CVE-2025-47612 is a medium-severity vulnerability classified under CWE-862 (Missing Authorization) affecting the ClickWhale product developed by flowdee, up to version 2.4.6. The vulnerability arises from improperly configured access control mechanisms, allowing an attacker with some level of privileges (PR:L - privileges required low) to exploit missing authorization checks in the application’s workflow. This flaw does not require user interaction (UI:N) and can be exploited remotely over the network (AV:N) with low attack complexity (AC:L). The vulnerability impacts the integrity and availability of the system but does not affect confidentiality. Specifically, an attacker can perform unauthorized actions that modify data or disrupt service availability due to the lack of proper authorization enforcement in certain application flows.

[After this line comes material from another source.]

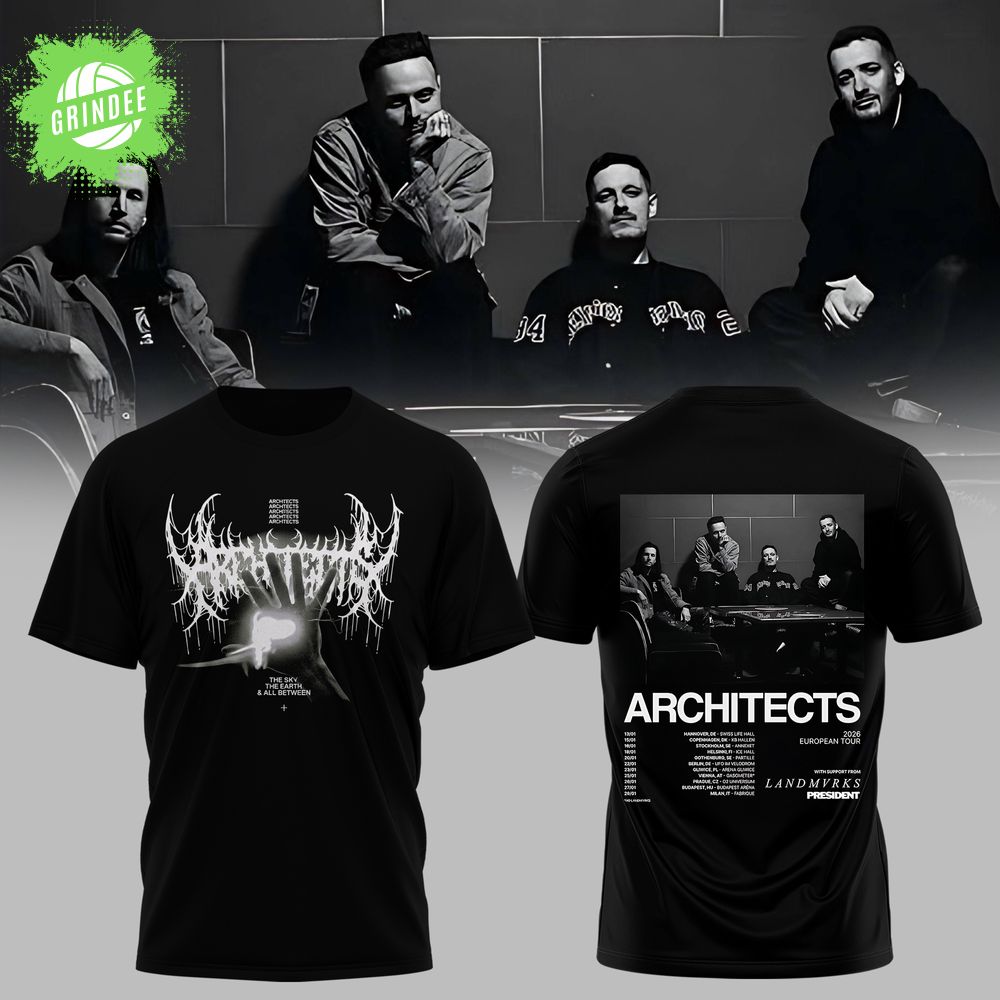 ARCHITECTS — 2026 European Tour Collection Tshirt ARCHITECTS — 2026 European Tour Collection Tshirt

The CVSS v3.1 base score is 5.4, indicating a medium severity level. No known exploits are currently reported in the wild, and no patches have been linked yet. The vulnerability was published on May 7, 2025, and has been enriched by CISA, indicating recognition by cybersecurity authorities. The absence of a patch suggests that organizations using ClickWhale should prioritize mitigation and monitoring until an official fix is released.

For European organizations, the impact of this vulnerability can be significant depending on the role of ClickWhale within their IT infrastructure. Since the flaw allows unauthorized modification and potential disruption of services, it could lead to data integrity issues, operational downtime, or service degradation. Organizations relying on ClickWhale for critical business processes or customer-facing applications may experience interruptions or unauthorized changes that could affect business continuity and trust. Although confidentiality is not directly impacted, the integrity and availability compromise could indirectly affect compliance with European data protection regulations such as GDPR, especially if service disruptions affect data processing activities. The medium severity rating suggests that while the threat is not immediately critical, it should not be ignored, particularly in sectors with high availability requirements such as finance, healthcare, and public services.

Given the lack of an official patch, European organizations should implement compensating controls immediately. These include: 1) Restricting access to ClickWhale to only trusted and necessary users, minimizing the number of accounts with privileges that could exploit this vulnerability. 2) Implementing network segmentation and firewall rules to limit exposure of ClickWhale services to untrusted networks. 3) Enhancing monitoring and logging around ClickWhale’s access control and workflow activities to detect anomalous or unauthorized actions promptly. 4) Conducting thorough access reviews and tightening role-based access controls (RBAC) within ClickWhale to ensure least privilege principles are enforced. 5) Preparing incident response plans specific to potential exploitation scenarios of this vulnerability. Once a patch is released, organizations should prioritize timely deployment. Additionally, engaging with the vendor for updates and guidance is recommended.